Sounds You Need In Your Ears
Episode 1: BOYSETSFIRE

Lineup:

Nathan Grayvocals
Josh Latshawguitar/backing vocals
Chad Istvanguitar/backing vocals
Robert Ehrenbrandbass guitar
Chris Rakusbass guitar
Jared Shavelson - drums

Online:

Offical Website
Facebook
Instagram
Spotify

Not that many people on this side of the world seem to know who BOYSETSFIRE are. Actually, come to think of it, not that many people anywhere seem to know who they are ­– that is, anybody outside of their native Delaware (and, as I’ve found out, a surprisingly large following in Germany…?). And, honestly, that’s a damned shame.

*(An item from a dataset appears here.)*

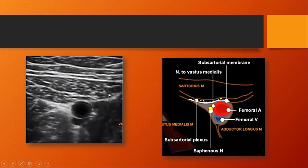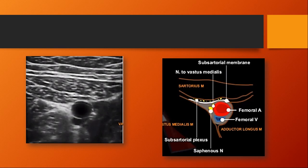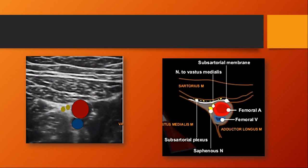On the ultrasound image, you find the sartorius muscle, adductor longus posteriorly, and vastus medialis laterally. Above the sub-sartorial membrane, you will find the sub-sartorial plexus. The femoral vein lies just behind the femoral artery. On the superolateral aspect, the two nerves — nerve to vastus medialis and saphenous nerve — are identified. If using peripheral nerve stimulation, stimulate the nerve to vastus medialis since the saphenous is purely sensory and cannot be stimulated.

They’ve been playing as a unit for getting on for a quarter of a century now – minus a little while for the expected hiatus time -- offering us their tunes since the mid-nineties. When they emerged, the music scene internationally was pretty fruitful for rock musicians, seeing the rise and fall of the Seattle grunge invasion, and latterly, the venerated battle of Britpop. Anybody my age who is into music will no doubt have fond memories of this time – but very few will have a collection of songs that actually mean much from the period. By and large, the lyrics were about as vacuous and formulaic as they get; not so for the boys in question.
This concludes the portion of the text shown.